With a similar goal, multiple contributions have leveraged the recent advances in the field of deep learning to aid the generation of cosmological simulations. In particular, recent works (Mustafa et al., 2017; Rodriguez et al., 2018; Nathanaël et al., 2019; Tröster et al., 2019) have demonstrated the potential of Generative Adversarial Networks (GAN) (Goodfellow et al., 2014) for production of N-body simulations. The work of (Mustafa et al., 2017; Rodriguez et al., 2018; Nathanaël et al., 2019; Tröster et al., 2019; Giusarma et al., 2019; He et al., 2019) has shown deep generative models that can accurately model dark matter distributions and other related cosmological signals. However, a practical application of these approaches in an end-to-end cosmological analysis is yet to be demonstrated. In this work, we take an essential step toward the practical use of generative models by creating the first emulator of weak lensing mass maps as function of cosmological parameters. This step allows the generate mass maps with any parameters without the need to retrain the generative model. Our conditional GAN model generates convergence maps dependent on values of two parameters that have the largest impact on the evolution of the Large Scale Structure (LSS) of the Universe: Ω_{m}, which controls the matter density as a fraction of total density, and *σ*8, which controls the strength of matter density fluctuations (see (Refregier, 2003; Kilbinger, 2015) for reviews). Those are the only two parameters that can be effectively measured using the convergence maps data. After training, the conditional model can then interpolate to unseen values of *σ*_{8} and Ω_{m} by varying the distribution of the input latent variable. Other works (Tamosiunas et al., 2020; Villaescusa-Navarro et al., 2020) have since also explored such models, although with the emphasis on generating various cosmological fields themselves, either in ^{2}D or 3D.
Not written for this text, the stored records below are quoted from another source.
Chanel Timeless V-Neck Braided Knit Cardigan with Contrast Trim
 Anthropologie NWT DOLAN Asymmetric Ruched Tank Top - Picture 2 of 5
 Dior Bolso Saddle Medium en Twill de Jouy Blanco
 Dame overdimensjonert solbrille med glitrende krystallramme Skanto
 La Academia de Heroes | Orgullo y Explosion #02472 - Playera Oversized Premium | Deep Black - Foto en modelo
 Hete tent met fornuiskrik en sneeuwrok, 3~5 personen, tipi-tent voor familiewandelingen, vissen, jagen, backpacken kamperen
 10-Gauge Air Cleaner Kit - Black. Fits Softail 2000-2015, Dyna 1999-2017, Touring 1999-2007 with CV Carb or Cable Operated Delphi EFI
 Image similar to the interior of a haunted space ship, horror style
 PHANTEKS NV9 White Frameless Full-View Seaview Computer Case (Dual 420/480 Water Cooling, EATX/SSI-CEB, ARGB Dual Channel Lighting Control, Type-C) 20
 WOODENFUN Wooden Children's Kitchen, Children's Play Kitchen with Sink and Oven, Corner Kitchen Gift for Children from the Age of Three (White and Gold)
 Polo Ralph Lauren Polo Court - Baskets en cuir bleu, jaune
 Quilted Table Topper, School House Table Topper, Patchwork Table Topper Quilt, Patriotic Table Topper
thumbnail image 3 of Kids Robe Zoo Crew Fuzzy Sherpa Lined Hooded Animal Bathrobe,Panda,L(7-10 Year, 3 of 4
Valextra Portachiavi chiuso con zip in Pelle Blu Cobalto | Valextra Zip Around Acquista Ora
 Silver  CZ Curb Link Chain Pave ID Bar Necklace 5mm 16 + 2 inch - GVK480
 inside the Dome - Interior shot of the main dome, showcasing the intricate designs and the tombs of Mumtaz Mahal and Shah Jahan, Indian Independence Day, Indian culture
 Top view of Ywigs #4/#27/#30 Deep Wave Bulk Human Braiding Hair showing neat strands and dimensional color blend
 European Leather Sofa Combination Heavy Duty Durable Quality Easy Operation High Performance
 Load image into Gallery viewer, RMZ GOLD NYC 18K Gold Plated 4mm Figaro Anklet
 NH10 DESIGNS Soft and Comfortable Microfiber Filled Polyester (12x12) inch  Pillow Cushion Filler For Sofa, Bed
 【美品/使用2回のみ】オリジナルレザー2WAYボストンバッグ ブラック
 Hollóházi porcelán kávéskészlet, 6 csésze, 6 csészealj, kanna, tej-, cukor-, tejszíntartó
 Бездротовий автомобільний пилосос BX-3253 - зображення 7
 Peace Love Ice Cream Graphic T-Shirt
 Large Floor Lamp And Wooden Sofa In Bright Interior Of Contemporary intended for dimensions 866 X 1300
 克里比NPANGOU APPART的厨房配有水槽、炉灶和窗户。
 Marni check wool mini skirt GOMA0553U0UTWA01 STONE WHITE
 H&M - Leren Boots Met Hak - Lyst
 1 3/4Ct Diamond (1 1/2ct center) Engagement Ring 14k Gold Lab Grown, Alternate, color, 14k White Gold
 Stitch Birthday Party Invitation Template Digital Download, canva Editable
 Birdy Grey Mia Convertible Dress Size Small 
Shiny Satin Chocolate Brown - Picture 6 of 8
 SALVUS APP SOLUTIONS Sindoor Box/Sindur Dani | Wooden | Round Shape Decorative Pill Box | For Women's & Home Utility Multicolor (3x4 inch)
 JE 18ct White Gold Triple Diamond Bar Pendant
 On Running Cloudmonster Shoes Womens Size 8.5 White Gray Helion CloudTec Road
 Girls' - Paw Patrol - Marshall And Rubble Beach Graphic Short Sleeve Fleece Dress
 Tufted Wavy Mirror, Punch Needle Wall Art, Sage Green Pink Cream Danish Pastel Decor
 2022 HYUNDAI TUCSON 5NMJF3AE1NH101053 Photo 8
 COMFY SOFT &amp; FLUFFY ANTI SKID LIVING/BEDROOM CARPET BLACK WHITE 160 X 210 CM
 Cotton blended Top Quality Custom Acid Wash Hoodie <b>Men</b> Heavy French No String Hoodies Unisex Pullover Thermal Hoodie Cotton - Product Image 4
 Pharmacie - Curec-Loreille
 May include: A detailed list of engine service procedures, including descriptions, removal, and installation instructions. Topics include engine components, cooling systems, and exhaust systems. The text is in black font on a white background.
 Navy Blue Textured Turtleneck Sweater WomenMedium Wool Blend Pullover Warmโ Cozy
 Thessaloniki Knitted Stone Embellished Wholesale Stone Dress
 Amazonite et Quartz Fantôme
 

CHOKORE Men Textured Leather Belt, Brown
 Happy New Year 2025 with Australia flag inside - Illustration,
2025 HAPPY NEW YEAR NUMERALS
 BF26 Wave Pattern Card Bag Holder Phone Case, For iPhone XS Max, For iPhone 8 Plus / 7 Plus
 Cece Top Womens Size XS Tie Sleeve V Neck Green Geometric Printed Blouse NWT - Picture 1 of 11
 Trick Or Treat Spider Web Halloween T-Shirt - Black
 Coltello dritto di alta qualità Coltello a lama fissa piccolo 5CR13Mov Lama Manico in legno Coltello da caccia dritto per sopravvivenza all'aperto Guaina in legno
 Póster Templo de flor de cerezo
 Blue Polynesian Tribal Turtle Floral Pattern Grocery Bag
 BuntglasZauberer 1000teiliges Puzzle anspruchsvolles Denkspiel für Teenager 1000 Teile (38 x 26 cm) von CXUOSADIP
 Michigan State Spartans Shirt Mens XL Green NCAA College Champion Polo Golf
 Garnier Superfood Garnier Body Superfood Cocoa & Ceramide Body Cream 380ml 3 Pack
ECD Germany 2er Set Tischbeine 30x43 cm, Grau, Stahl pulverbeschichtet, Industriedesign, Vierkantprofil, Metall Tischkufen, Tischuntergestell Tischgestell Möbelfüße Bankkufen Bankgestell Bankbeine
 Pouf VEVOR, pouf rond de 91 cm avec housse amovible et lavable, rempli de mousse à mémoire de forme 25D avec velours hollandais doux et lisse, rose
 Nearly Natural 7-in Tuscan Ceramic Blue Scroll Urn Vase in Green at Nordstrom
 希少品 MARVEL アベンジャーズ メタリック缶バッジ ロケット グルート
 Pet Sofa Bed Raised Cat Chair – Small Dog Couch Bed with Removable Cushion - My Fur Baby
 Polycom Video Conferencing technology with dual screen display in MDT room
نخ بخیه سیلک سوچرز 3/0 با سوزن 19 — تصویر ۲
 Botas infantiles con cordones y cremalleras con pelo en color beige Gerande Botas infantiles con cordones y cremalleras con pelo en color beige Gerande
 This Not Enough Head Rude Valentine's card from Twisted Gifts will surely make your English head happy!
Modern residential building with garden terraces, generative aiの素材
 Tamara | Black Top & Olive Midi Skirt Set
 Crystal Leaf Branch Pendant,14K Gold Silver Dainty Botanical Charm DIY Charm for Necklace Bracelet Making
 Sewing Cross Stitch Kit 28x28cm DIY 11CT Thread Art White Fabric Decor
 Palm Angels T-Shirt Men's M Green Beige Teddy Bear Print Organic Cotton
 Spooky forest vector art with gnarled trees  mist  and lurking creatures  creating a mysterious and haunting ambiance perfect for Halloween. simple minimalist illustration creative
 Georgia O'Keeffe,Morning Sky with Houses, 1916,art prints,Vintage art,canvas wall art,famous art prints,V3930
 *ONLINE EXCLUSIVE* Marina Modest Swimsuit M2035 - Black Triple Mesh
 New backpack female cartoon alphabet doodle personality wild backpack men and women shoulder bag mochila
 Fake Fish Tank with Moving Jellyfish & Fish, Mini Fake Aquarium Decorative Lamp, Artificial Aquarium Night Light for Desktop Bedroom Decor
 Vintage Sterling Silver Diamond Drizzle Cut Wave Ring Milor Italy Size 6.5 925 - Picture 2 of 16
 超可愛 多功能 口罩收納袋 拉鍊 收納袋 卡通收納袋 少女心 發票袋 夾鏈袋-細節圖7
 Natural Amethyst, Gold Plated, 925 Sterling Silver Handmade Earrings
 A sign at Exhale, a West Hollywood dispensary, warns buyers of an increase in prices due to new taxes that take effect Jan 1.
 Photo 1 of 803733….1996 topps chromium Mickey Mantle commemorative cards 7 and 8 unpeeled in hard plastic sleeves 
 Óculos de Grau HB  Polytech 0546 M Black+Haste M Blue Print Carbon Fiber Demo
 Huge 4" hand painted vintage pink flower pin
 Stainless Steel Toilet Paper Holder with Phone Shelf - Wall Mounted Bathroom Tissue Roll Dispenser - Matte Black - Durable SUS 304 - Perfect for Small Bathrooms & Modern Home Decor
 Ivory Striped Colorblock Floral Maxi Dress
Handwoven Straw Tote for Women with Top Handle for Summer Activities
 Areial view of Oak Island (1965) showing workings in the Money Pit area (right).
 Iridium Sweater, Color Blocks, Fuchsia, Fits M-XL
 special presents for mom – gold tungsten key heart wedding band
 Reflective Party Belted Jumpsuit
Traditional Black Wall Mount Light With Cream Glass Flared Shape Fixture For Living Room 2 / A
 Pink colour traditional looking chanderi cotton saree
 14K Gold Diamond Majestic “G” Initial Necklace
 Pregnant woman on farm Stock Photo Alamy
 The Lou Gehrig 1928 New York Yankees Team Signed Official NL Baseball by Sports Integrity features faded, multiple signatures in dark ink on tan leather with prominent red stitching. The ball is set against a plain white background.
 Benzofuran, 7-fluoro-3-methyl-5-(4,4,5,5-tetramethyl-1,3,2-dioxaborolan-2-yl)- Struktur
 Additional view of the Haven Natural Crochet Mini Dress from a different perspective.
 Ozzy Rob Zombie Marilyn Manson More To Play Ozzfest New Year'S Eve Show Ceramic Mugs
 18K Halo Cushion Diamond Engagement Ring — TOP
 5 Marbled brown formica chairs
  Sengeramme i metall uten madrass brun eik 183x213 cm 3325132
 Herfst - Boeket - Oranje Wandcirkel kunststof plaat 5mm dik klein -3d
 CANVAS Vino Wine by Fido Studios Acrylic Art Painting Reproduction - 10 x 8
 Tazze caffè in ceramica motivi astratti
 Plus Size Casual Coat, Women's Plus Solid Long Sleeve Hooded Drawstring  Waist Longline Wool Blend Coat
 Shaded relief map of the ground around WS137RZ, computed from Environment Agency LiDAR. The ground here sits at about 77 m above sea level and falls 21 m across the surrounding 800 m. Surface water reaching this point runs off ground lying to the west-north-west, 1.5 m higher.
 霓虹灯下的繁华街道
To assess that the GAN-generated maps are statistically very close to the originals, we perform an extensive quantitative comparison. We evaluate our GAN using both cosmological and image processing metrics: the power spectral density, mass map histogram, peak histogram, the bispectrum, Minkowski functionals, Multi-Scale Structural Similarity (MS-SSIM) (Wang et al., 2003), and an adaptation of the Fréchet Inception Distance (FID) (Heusel et al., 2017). We also compare the statistical consistency of a batch of generated maps by computing the correlation matrices of power spectra. Moreover, we assess the agreement as a function of cosmological parameters. This set of comparisons is the most exhaustive presentation of the capacity of generative models to learn the dark matter maps, to date. In this work we use the data generated by (Fluri et al., 2019).

We build a sky convergence map dataset made of 57 different cosmologies (set of parameters) divided into a training set and a test set. The test set consists of 11 cosmological parameters sets was used to asses the capacity of the GAN to interpolate to unseen cosmologies.

This paper is structured as follows. In Section 2 we present a new type of generative adversarial network whose generated output can be conditioned on a set of parameters in the form of continuous values. Section 3 describes the simulation dataset used in this work. In Section 4 we describe the metrics used to evaluate the quality of the generative model. Section 5 shows the maps generated by our machine learning model, as well as compares its results to the original, simulated data. We summarize our findings and discuss the future prospects in Section 6. **Appendix A** contains the architectures of the neural networks used in this work.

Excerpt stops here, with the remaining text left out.